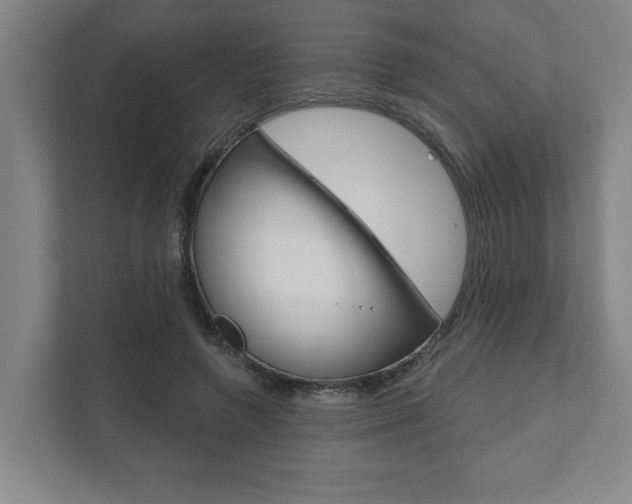 X0000111800546200907230957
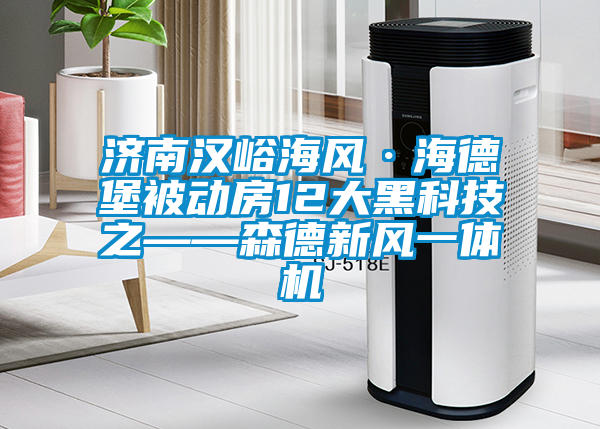 濟(jì)南漢峪海風(fēng)·海德堡被動房12大黑科技之——森德新風(fēng)一體機(jī)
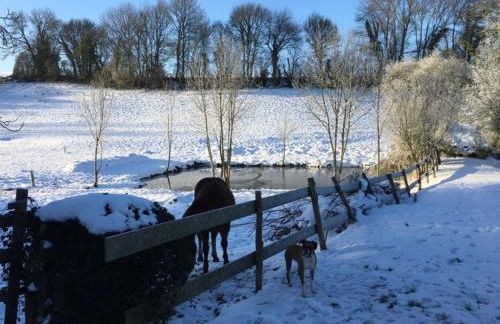 Gîte du banc de scie - Foto 54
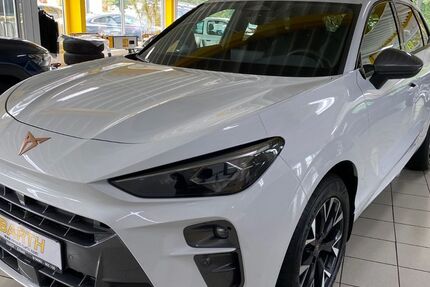 Cupra Terramar 7.900 km 35.990 &euro; Erbach 64711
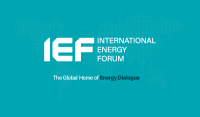 International energy investments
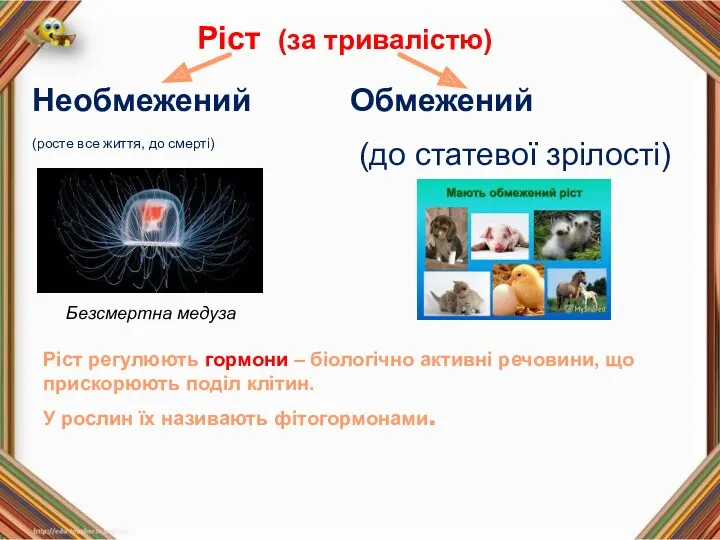 Ріст (за тривалістю) Необмежений (росте все життя, до смерті) Обмежений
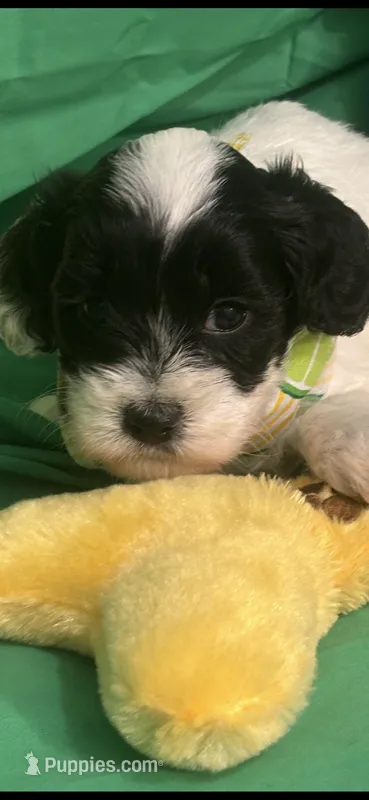 Panda  – Cockapoo puppy for sale in Anderson, SC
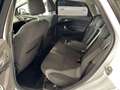 Ford Focus Lim. Titanium SR&WR Weiß - thumbnail 16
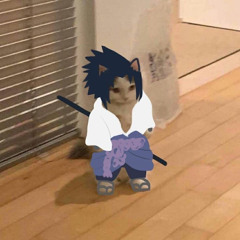 Live your life please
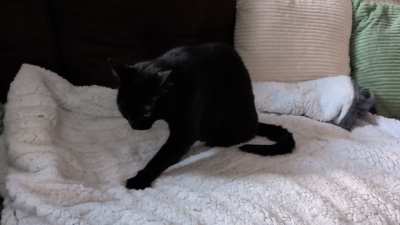 Babs LOVES that heated blanket!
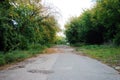 An old paved road in an alley of trees in a restricted area. Royalty Free Stock Photo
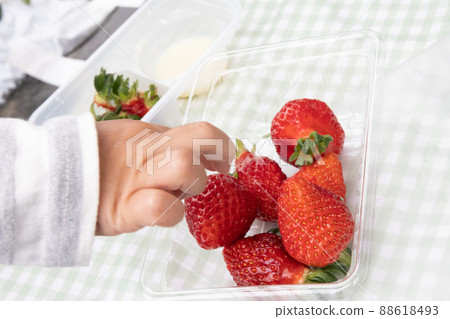 孩子們的手吃草莓採摘草莓 孩子們的手吃草莓採摘草莓 88618493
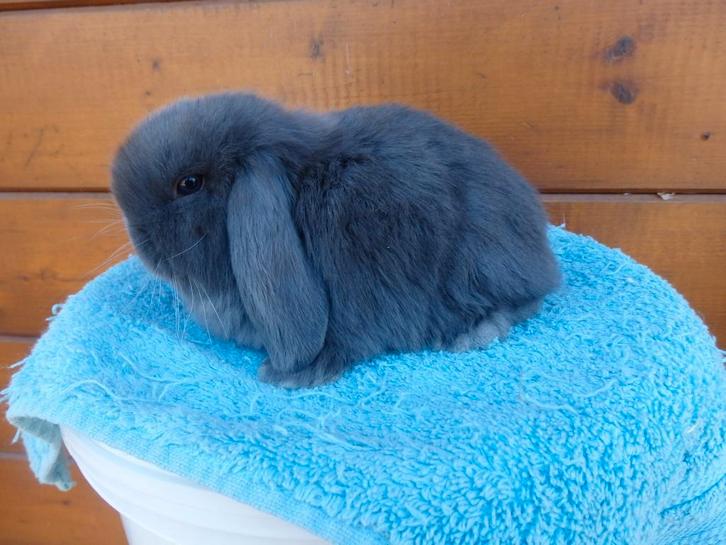 Nederlandse hangoordwerg, Animaux & Accessoires, Lapins, Nain, Femelle, 0 à 2 ans, Oreilles tombantes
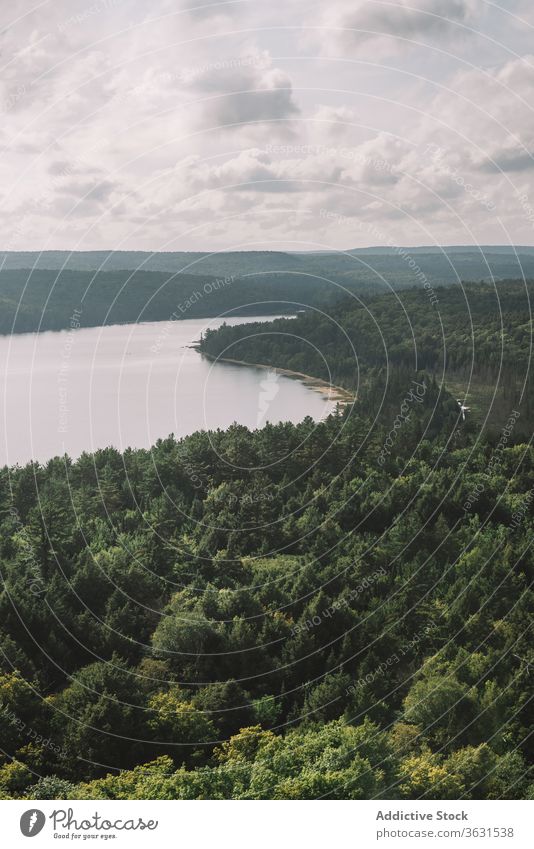 Malerische Seenlandschaft bei bewölktem Tag Wald wolkig Natur Landschaft Algonquin PP Himmel grau trist Sommer Pflanze Buchse Laubwerk Wasser friedlich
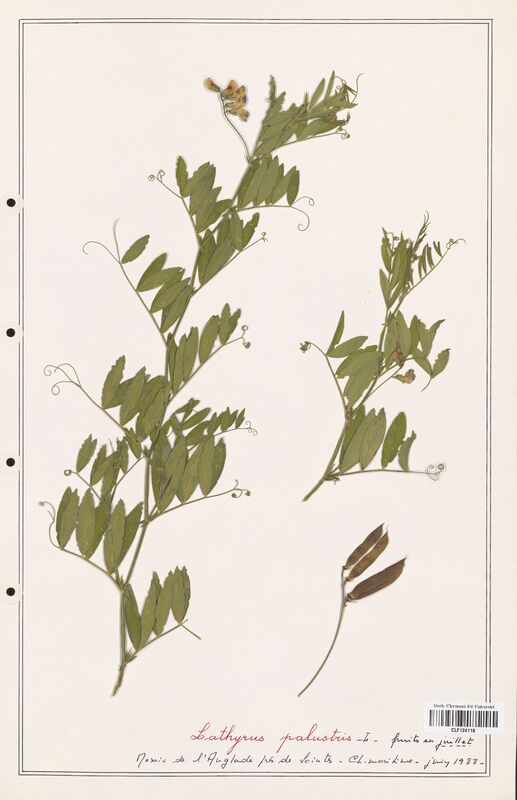 Lathyrus palustre  (Fabaceae)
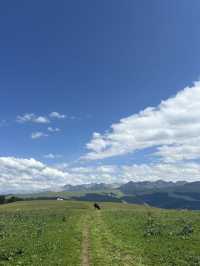 【新疆ウイグル自治区】北疆の旅- 喀拉峻(カラジュン)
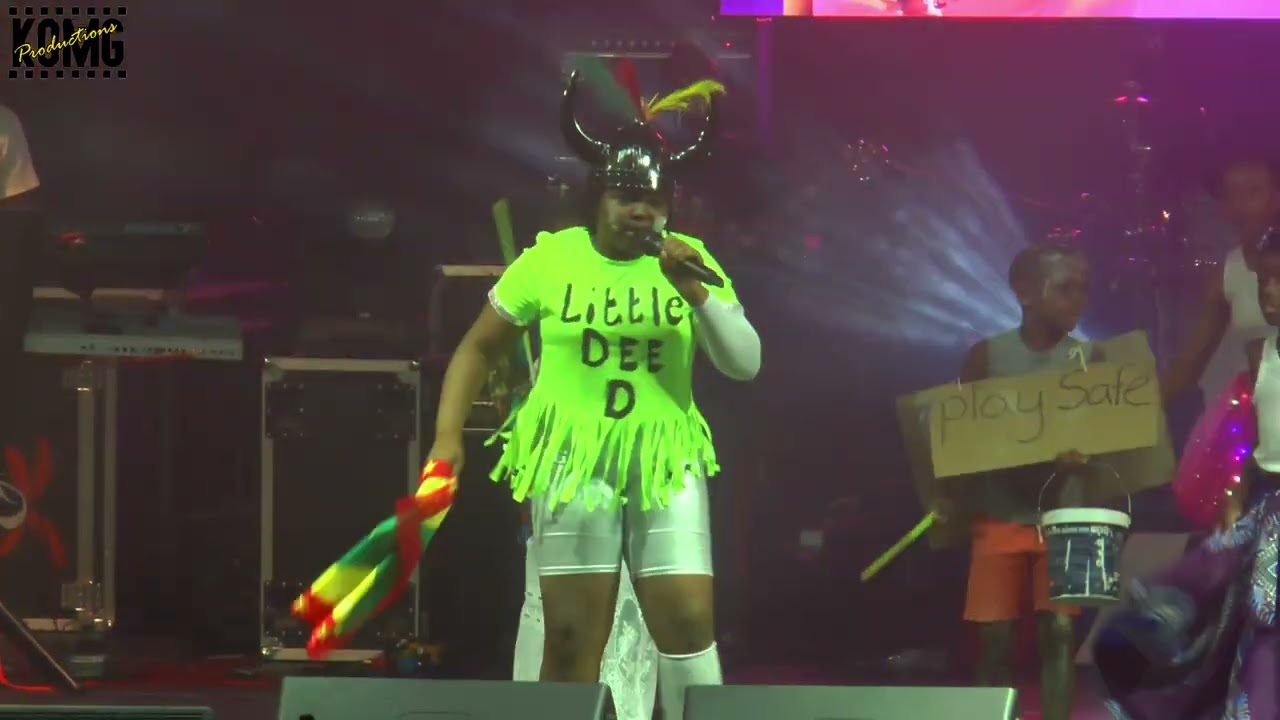 Выступление фонда Little Dee D Fundaytion в 2026 году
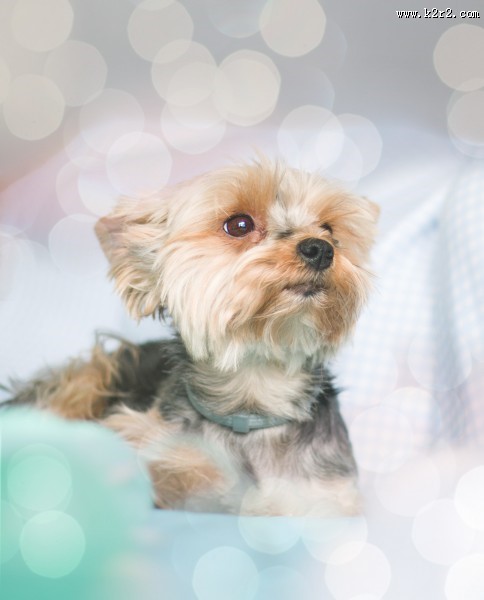 一只可爱的狗图片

» **Exercise brief**
Could you return, word for word, every line from the line with "An old paved" through the last line of the listing above, both ends included, without any pictures?

» **Completed exercise**
 An old paved road in an alley of trees in a restricted area. Royalty Free Stock Photo
 孩子們的手吃草莓採摘草莓 孩子們的手吃草莓採摘草莓 88618493
 Nederlandse hangoordwerg, Animaux & Accessoires, Lapins, Nain, Femelle, 0 à 2 ans, Oreilles tombantes
 Malerische Seenlandschaft bei bewölktem Tag Wald wolkig Natur Landschaft Algonquin PP Himmel grau trist Sommer Pflanze Buchse Laubwerk Wasser friedlich
 Lathyrus palustre  (Fabaceae)
 【新疆ウイグル自治区】北疆の旅- 喀拉峻(カラジュン)
 Выступление фонда Little Dee D Fundaytion в 2026 году
 一只可爱的狗图片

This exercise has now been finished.